[Opening MATERIAL PROVIDED section]

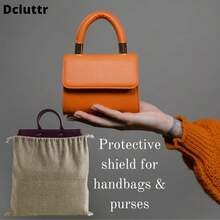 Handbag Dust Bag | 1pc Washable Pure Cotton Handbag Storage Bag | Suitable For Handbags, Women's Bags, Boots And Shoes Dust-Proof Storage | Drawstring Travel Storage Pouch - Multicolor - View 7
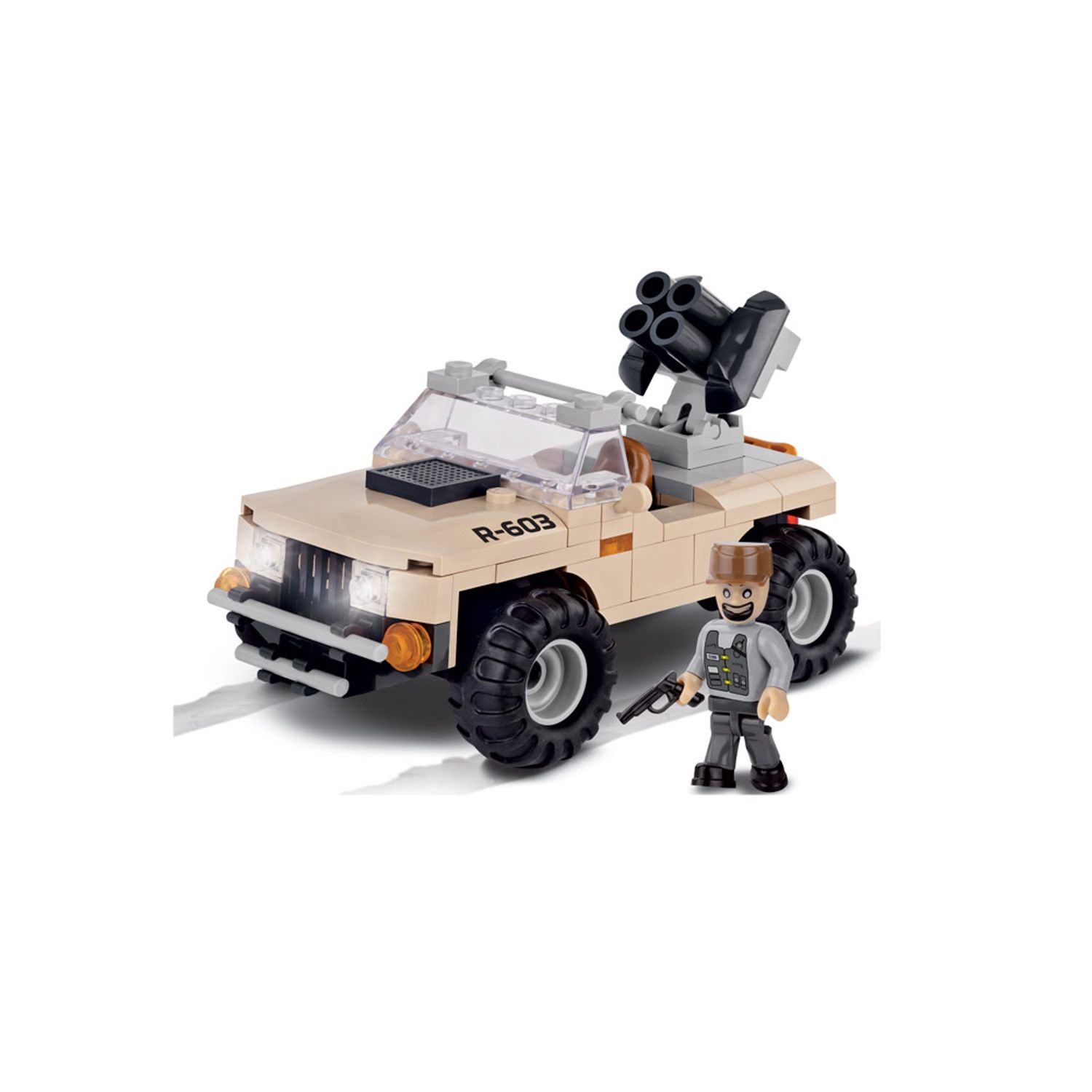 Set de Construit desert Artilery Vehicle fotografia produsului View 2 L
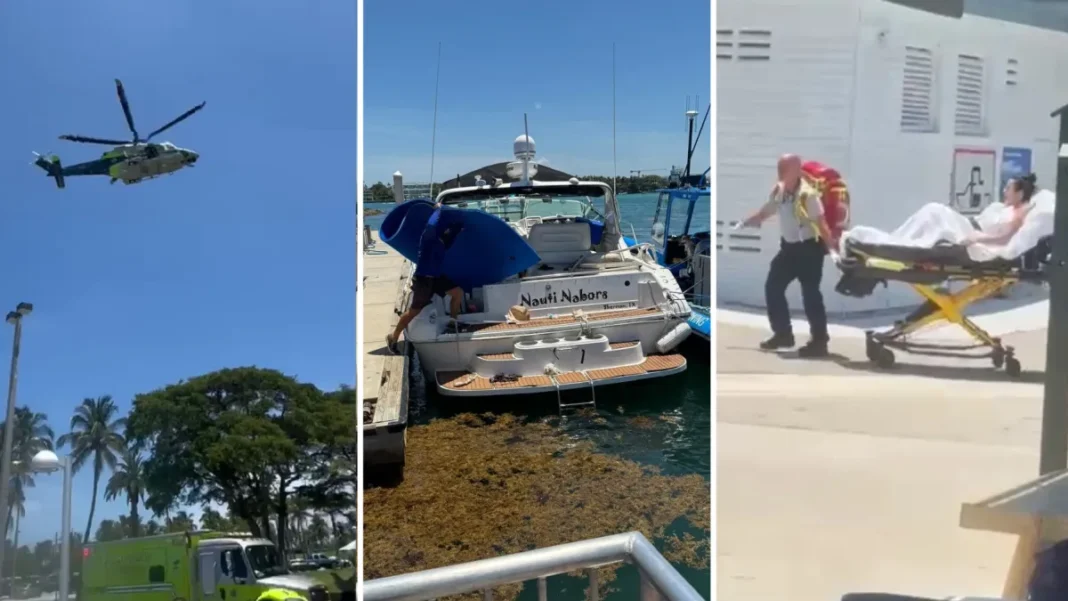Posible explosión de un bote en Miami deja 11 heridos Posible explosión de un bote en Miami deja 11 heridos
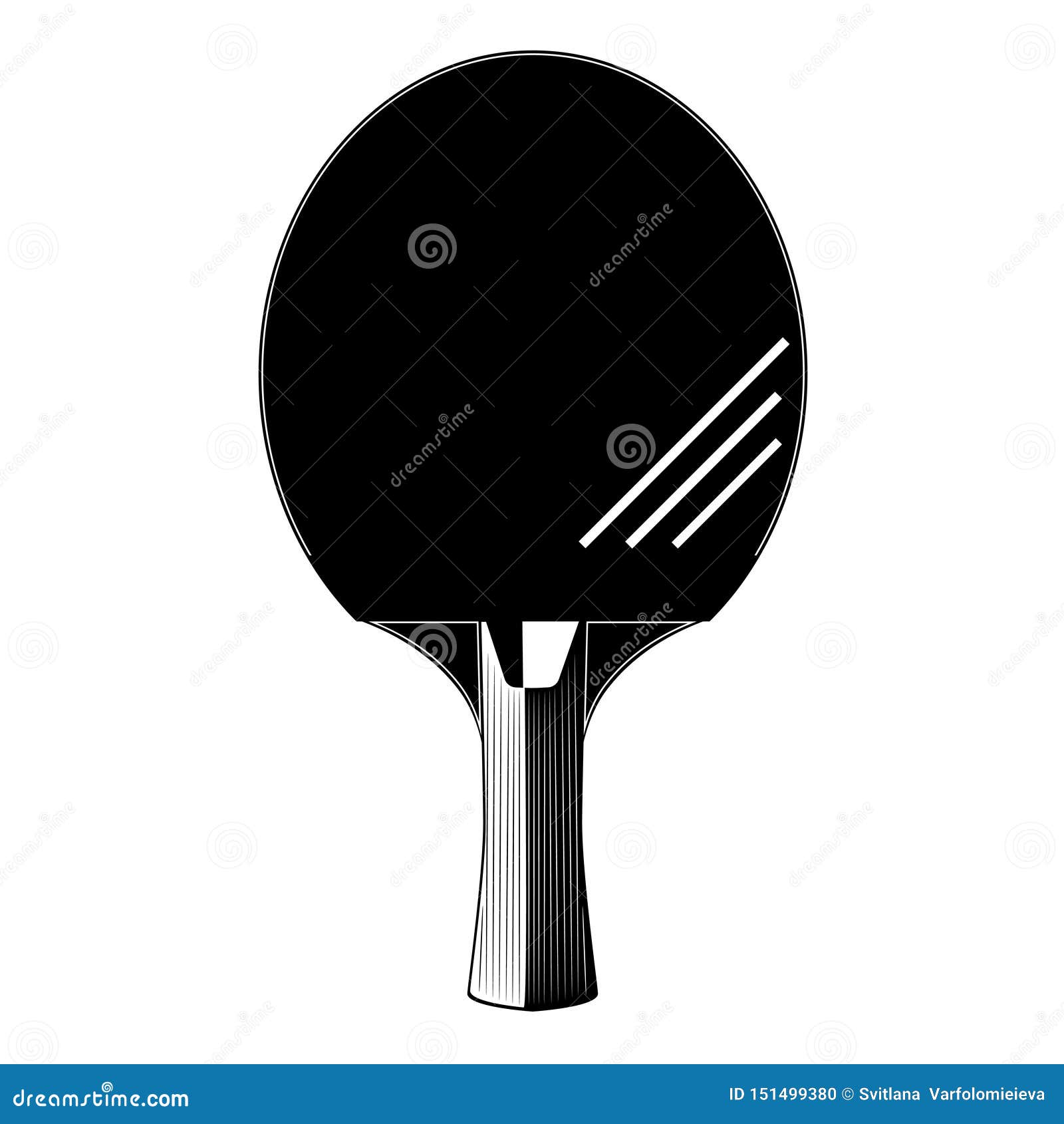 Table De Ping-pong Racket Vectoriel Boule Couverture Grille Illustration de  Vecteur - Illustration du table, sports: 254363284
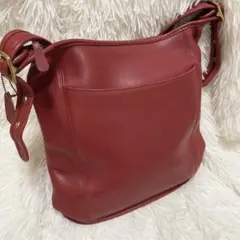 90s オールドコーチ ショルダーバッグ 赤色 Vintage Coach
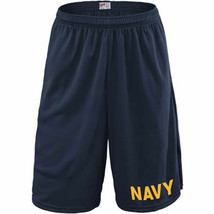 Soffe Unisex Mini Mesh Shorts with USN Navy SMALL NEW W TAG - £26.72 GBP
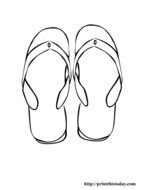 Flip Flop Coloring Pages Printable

[Closing MATERIAL PROVIDED section]

AIM OF THE EXERCISE:
Can you retype every record above exactly, leaving out the pictures?

ANSWER FOR THE TASK:
 Handbag Dust Bag | 1pc Washable Pure Cotton Handbag Storage Bag | Suitable For Handbags, Women's Bags, Boots And Shoes Dust-Proof Storage | Drawstring Travel Storage Pouch - Multicolor - View 7
 Set de Construit desert Artilery Vehicle fotografia produsului View 2 L
Posible explosión de un bote en Miami deja 11 heridos Posible explosión de un bote en Miami deja 11 heridos
 Table De Ping-pong Racket Vectoriel Boule Couverture Grille Illustration de  Vecteur - Illustration du table, sports: 254363284
 90s オールドコーチ ショルダーバッグ 赤色 Vintage Coach
 Soffe Unisex Mini Mesh Shorts with USN Navy SMALL NEW W TAG - £26.72 GBP
 Flip Flop Coloring Pages Printable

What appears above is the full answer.